(Web page caption snippets)

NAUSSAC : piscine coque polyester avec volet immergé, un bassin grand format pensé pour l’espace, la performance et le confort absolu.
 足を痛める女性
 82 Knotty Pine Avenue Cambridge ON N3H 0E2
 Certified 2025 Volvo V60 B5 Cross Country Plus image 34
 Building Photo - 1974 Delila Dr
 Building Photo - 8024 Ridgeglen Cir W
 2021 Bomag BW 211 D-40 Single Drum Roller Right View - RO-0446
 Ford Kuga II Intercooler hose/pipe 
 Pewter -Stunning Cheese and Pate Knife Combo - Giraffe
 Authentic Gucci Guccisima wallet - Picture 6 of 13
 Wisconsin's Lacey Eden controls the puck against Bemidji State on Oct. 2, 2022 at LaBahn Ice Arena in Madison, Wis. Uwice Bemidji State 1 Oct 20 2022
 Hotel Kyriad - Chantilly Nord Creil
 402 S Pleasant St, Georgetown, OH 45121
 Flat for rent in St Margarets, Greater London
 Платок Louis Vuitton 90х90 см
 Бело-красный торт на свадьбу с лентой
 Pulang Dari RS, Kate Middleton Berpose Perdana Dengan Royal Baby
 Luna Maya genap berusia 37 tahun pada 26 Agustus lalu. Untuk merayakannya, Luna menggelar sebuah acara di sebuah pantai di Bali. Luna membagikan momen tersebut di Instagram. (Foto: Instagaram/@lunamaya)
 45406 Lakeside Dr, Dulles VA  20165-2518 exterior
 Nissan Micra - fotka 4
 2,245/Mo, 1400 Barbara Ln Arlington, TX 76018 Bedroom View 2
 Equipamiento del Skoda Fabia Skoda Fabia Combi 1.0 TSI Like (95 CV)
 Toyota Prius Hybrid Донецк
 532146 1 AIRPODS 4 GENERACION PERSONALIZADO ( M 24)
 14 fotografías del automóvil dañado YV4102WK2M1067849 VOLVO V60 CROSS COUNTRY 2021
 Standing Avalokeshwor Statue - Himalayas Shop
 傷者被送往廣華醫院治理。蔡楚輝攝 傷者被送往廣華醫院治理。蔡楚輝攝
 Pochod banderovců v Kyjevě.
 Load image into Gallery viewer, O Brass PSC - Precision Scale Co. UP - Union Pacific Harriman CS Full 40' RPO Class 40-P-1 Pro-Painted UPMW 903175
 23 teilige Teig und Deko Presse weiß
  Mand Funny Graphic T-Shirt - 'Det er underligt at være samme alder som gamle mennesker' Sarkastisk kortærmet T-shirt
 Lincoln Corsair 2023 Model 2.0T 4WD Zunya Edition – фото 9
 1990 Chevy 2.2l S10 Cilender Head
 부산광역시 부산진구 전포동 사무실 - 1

TASK PROMPT. Your reply should be nothing but the lines from the one containing "Load image into" through the last line above, copied exactly; please include both ends.

EXPECTED OUTPUT.
 Load image into Gallery viewer, O Brass PSC - Precision Scale Co. UP - Union Pacific Harriman CS Full 40' RPO Class 40-P-1 Pro-Painted UPMW 903175
 23 teilige Teig und Deko Presse weiß
  Mand Funny Graphic T-Shirt - 'Det er underligt at være samme alder som gamle mennesker' Sarkastisk kortærmet T-shirt
 Lincoln Corsair 2023 Model 2.0T 4WD Zunya Edition – фото 9
 1990 Chevy 2.2l S10 Cilender Head
 부산광역시 부산진구 전포동 사무실 - 1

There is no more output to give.